While we have a HiVee (similar to Whole Foods), we don't shop there, and don't even shop at Walmart, 'cept for a few items. I won't pretend that yhese prices are an "always" thing, but they represent a good balance of what we buy at Aldi's, when they're on sale.
Eggs.. now $.99/doz regularly
Milk.. $1.49/gal
Avacados... $.39 to $.89 this week $.49
Lettuce... $.99
Canned soups now regularly $1.19
Baby carrots... $.49/lb
Bananas $.44/lb... currently $.29/lb
Non brand frosted flakes and honey oats... newly priced $1.19
Chicken thighs or breasts... $.89 to $99/lb.
12 pack no brand cola,,, $2.29 always
Iced Tea mix $1.89 ... makes 3 gallons.
White bread $.89... Whole wheat $1.49
Bagels 6 large $1.69
Dry roasted peanuts $1.89/lb
Ham... Shank $.89/lb, Butt $1.19/lb, spiral $1.49/lb.
Red Potatoes 5lb/ $1.29
Lactose free milk 6 "flavors $2.29/ 1/2 gal.
Butterball turkeys always $1.19/lb.
Mushrooms $.49 to $.69

Just some of the items we buy on a regular basis. We figure that we save from 25% to 40% over Walmart and HiVee.

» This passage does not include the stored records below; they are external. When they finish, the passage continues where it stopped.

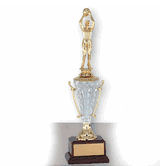 Trophy with Acrylic Cup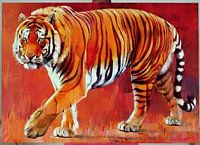 Bengal Tiger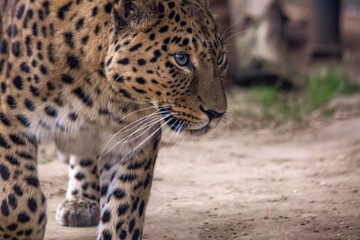 A Far Eastern leopard, a rare species of wild cat, in a zoo. Conservation of endangered species.
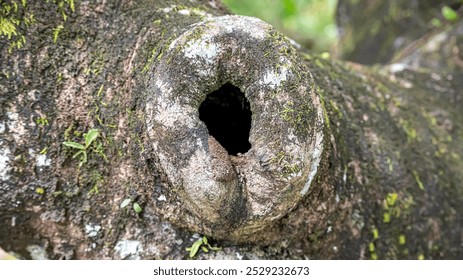 close-up of a rough, textured tree trunk with a dark, hollow cavity. - Powered by Shutterstock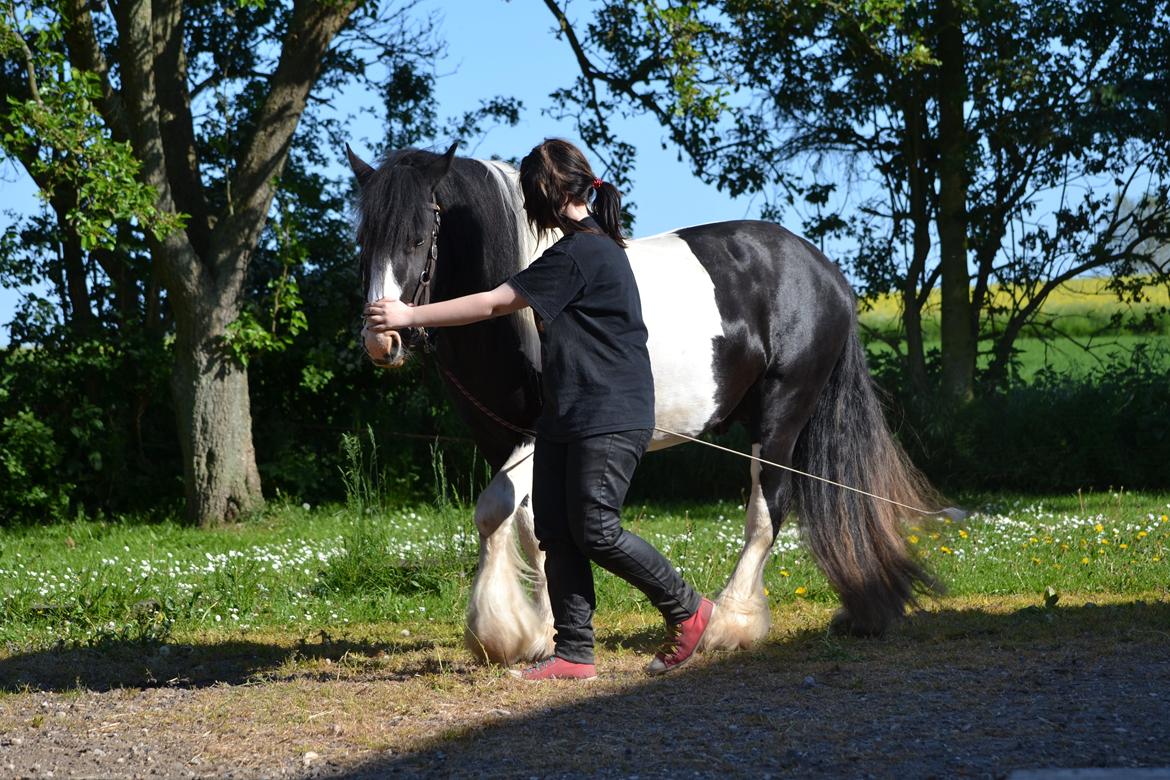 Irish Cob Troelsgaardens Sir Simon De Cantervill - 9. Træning billede 9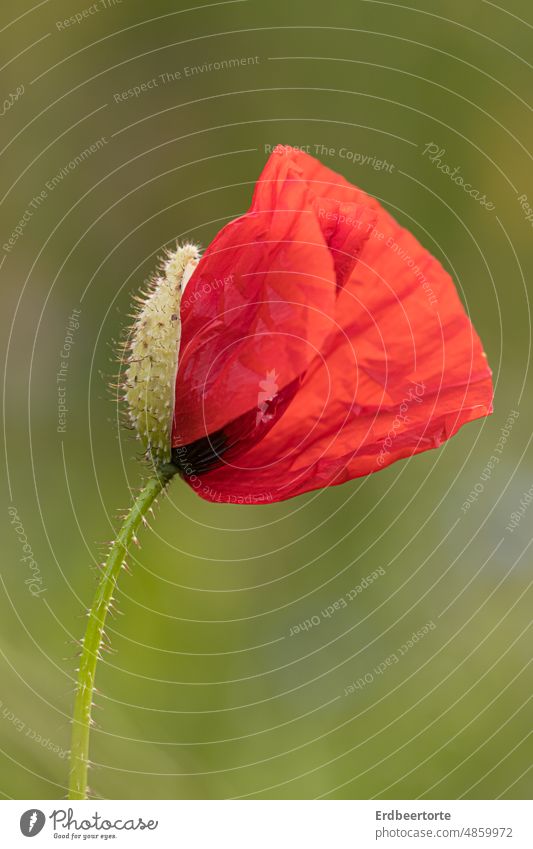 Red poppy in green meadow Poppy blossom Summer Flower Nature Plant Blossom Corn poppy Poppy field Wild plant Exterior shot Idyll Environment Landscape Delicate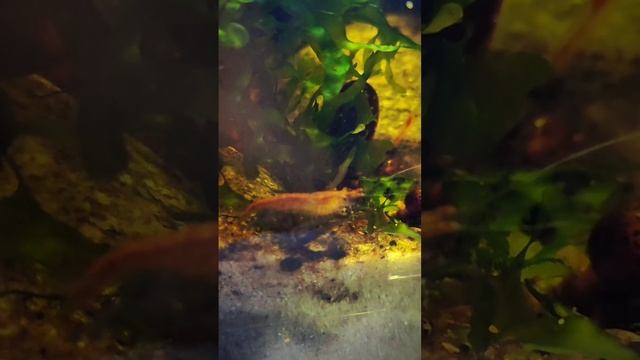 Семейство креветок вишня в палюдариуме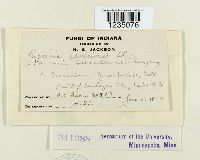 Puccinia caricina image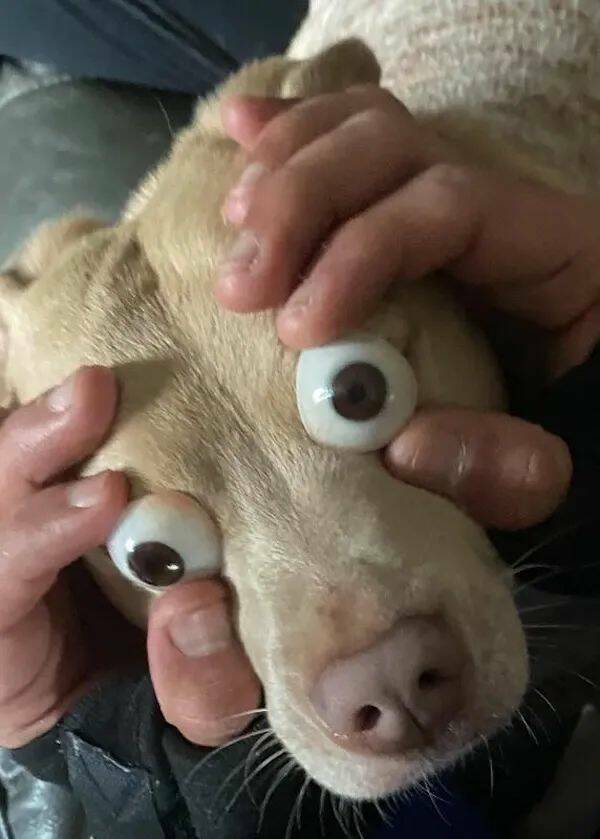 Daily Picdump Daily Picdump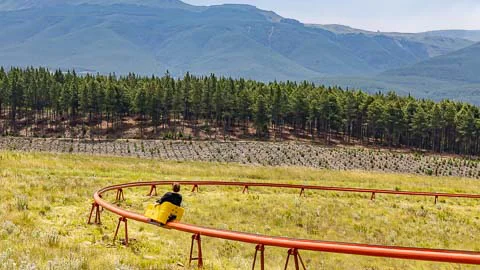 Long Tom Toboggan | Misty Mountain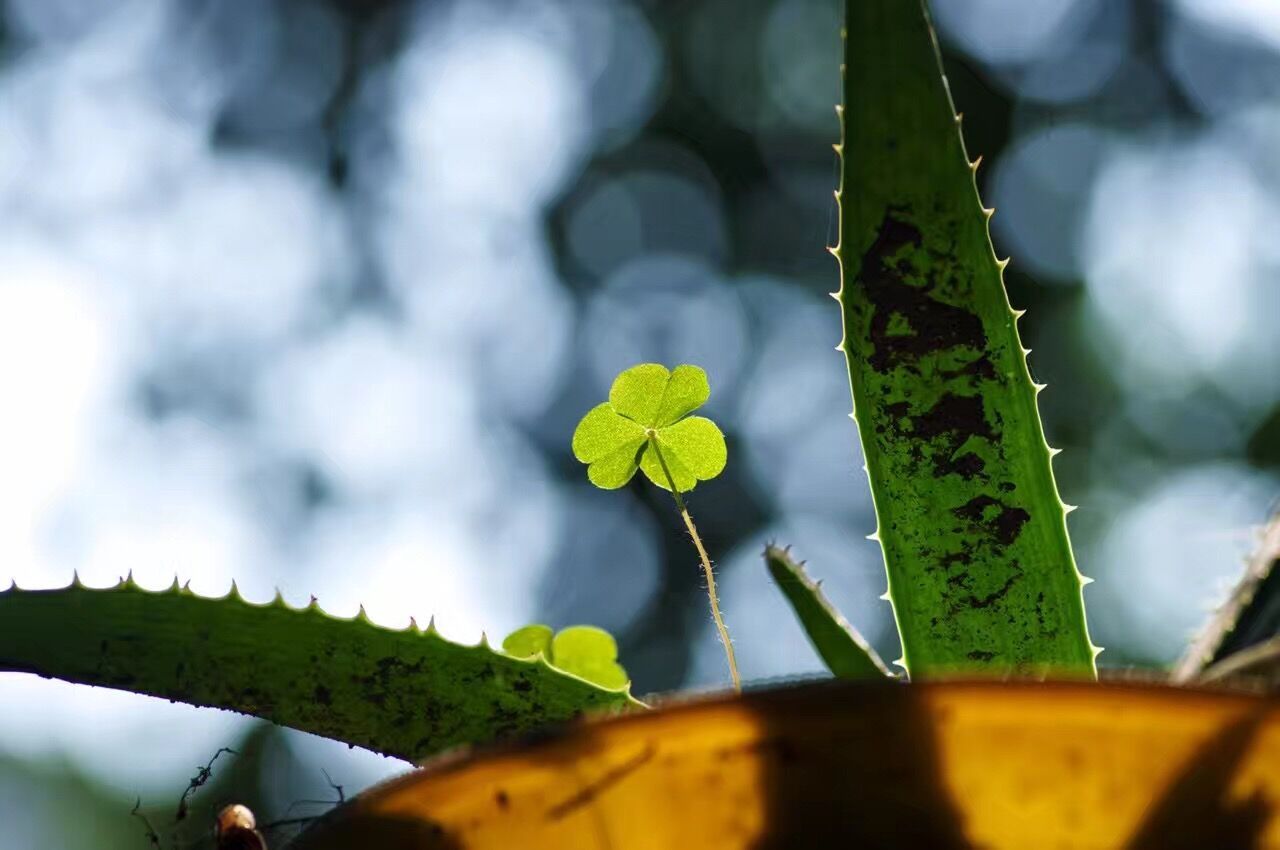 西西看世界用镜头纪录重庆老街照片,光影世界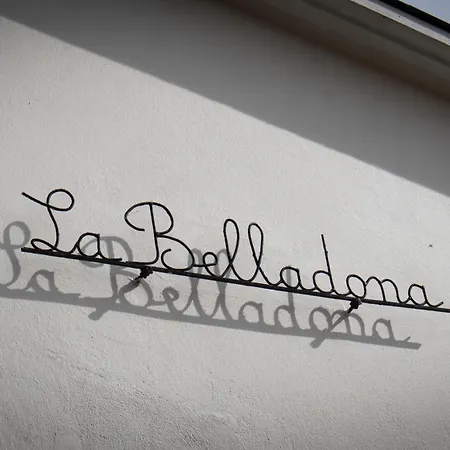 Avec Jardin Belladona * Le Fenouiller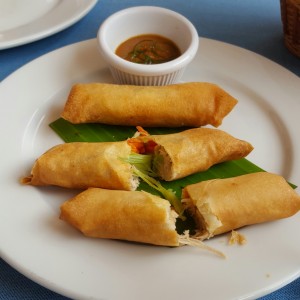 Rollos de primavera de puerco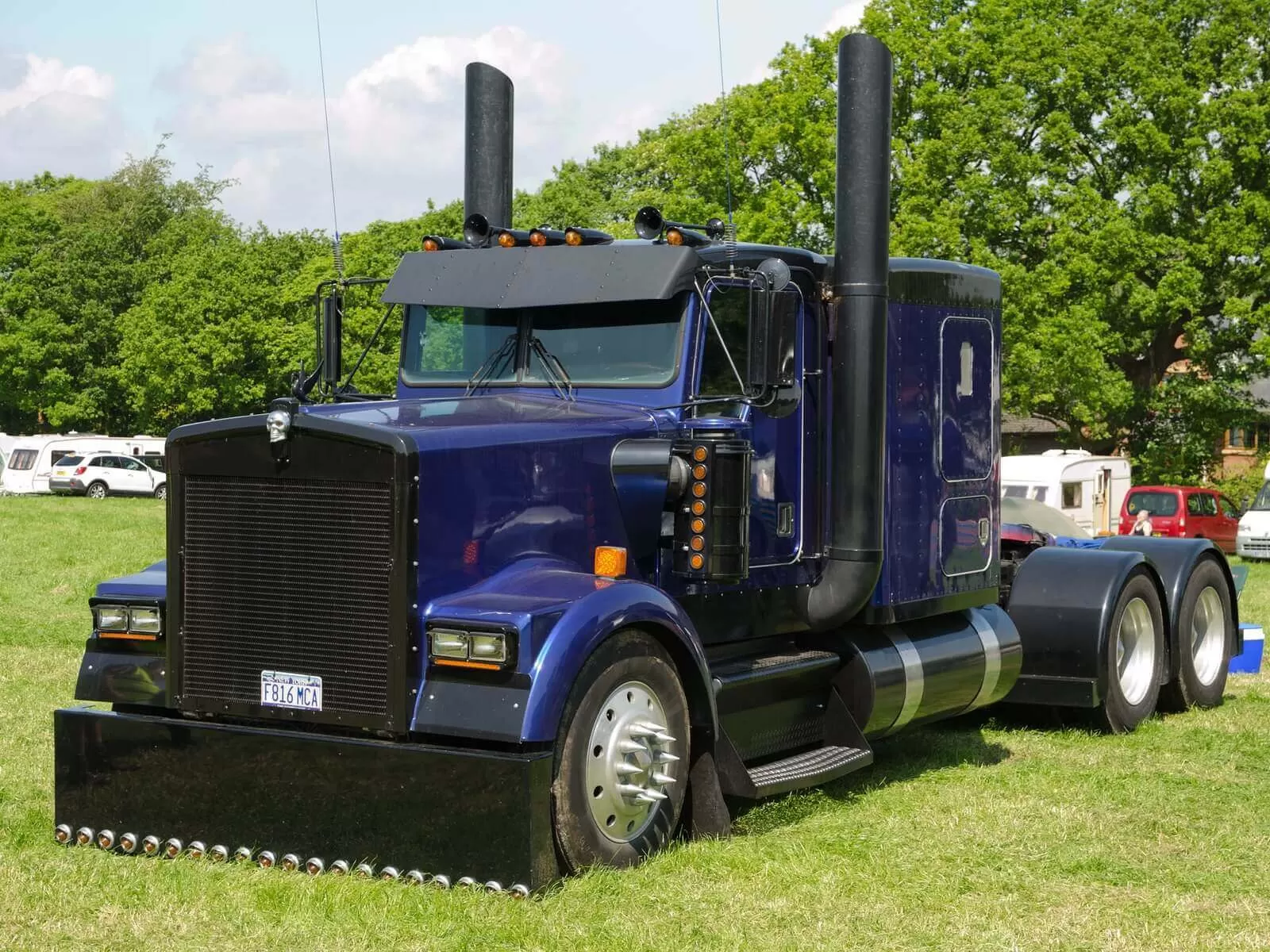 Dark blue truck on the grass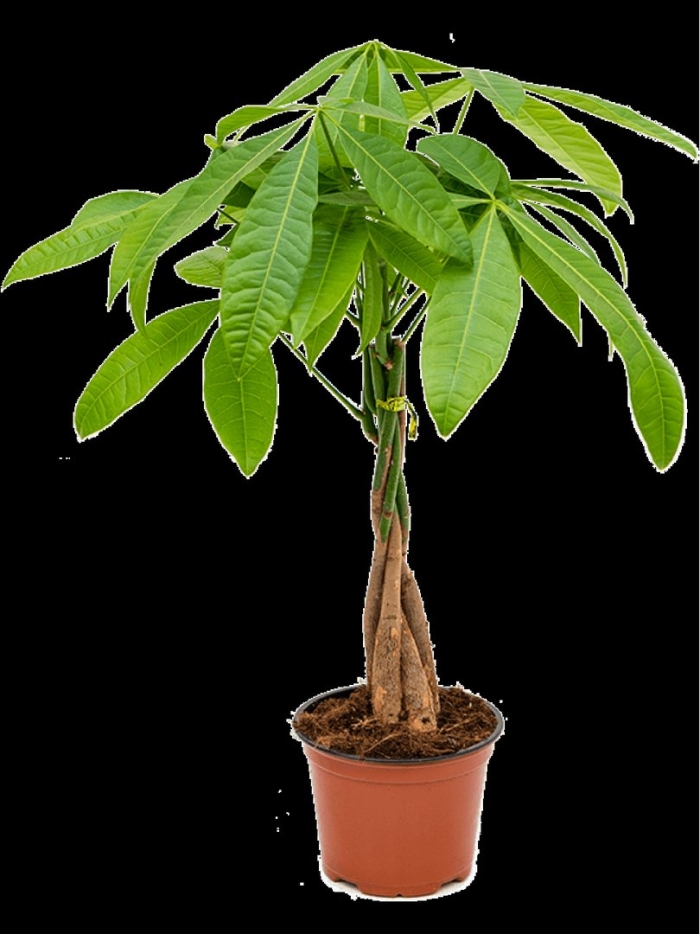 Пахира акватика цветок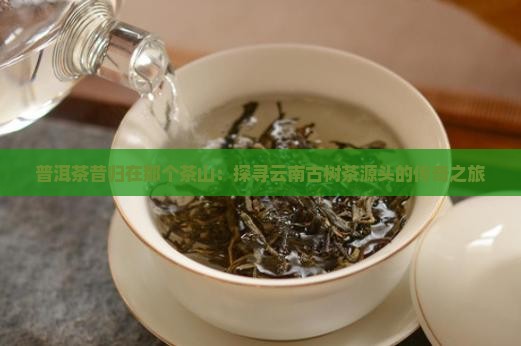 普洱茶昔归在那个茶山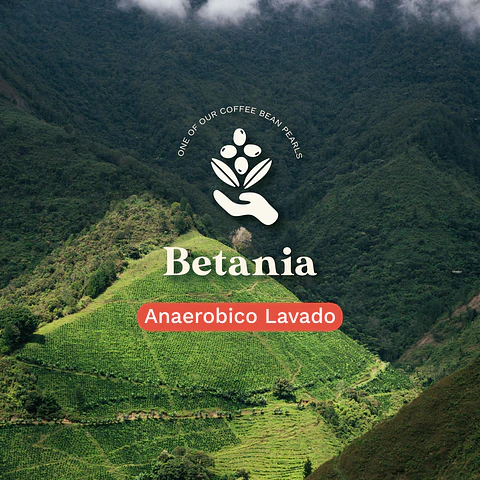 Betania Bourbon Chiroso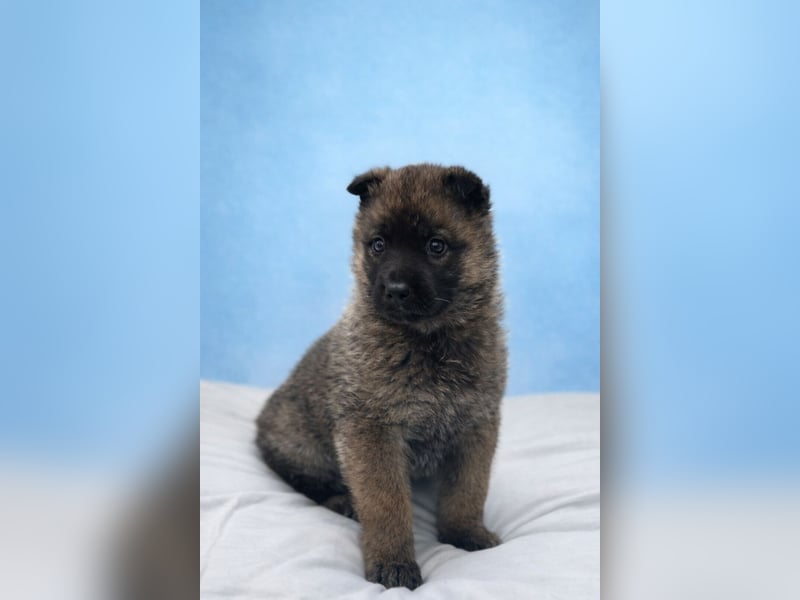 Mogli - neugieriger, menschenbezogener Welpe sucht liebevolles Zuhause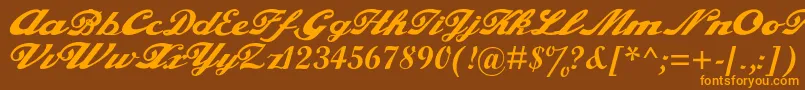 alfaowner com script Font – Orange Fonts on Brown Background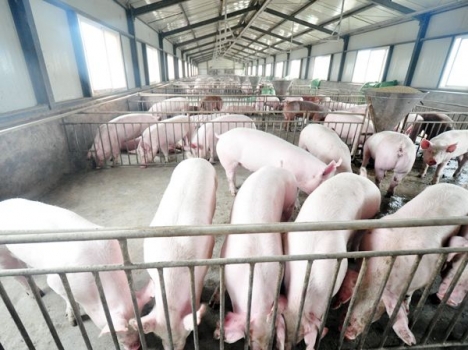 豬價震蕩，肥豬如何快速出欄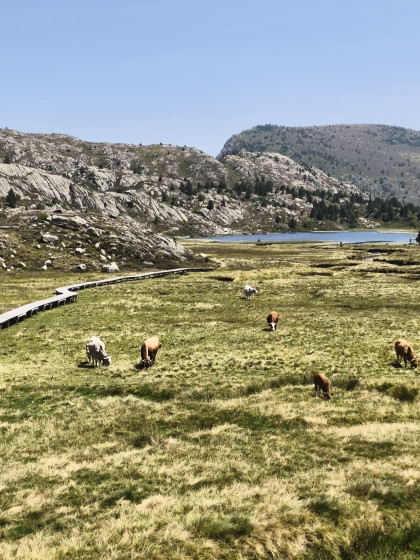 Retour du refuge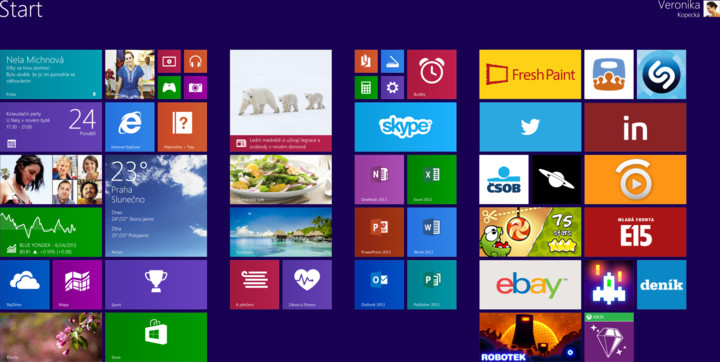 Microsoft Windows 8.1 CZ 64bit OEM_1931071672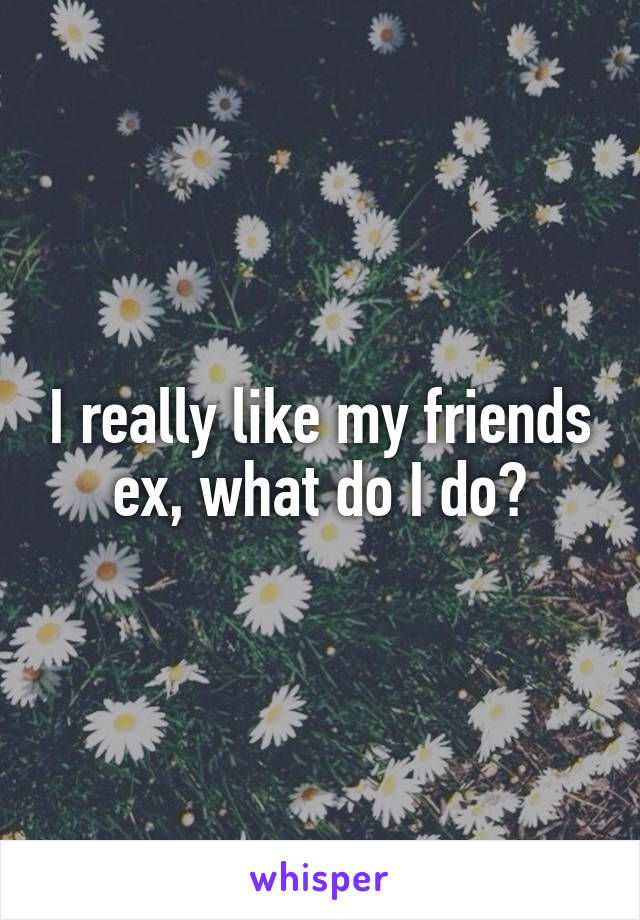 I really like my friends ex, what do I do?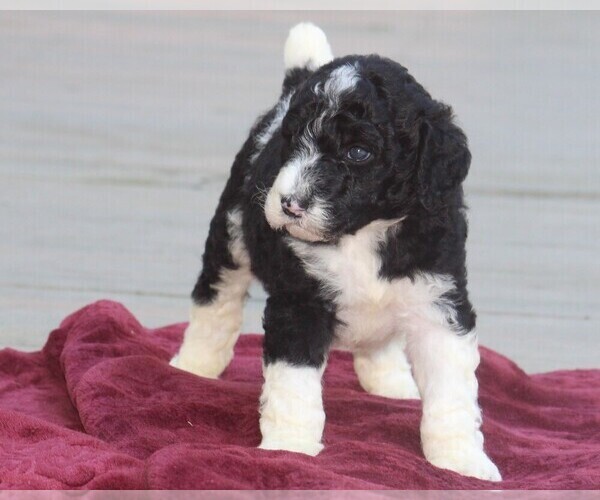 Medium Photo #1  Breeder Profile in LINDEN, TN, USA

Yeah... so not a really big part of the annual cost of living, but it adds up.
I think the biggest difference in where you live goes beyond price to how acceptable the place is. I've tried Aldis, but the ones near me are dirty, gross, the food is often near spoiled or spoiled and most of the meat is frost bitten.. so it may be cheap, but I'm not that desperate to eat it.

I found the same in Chicago until about 2008 when food at Aldis started to improve. While I can go shopping with my parents in Appleton/Green Bay Wi and their Aldis are wonderful and I'd totally shop there all the time if I lived there.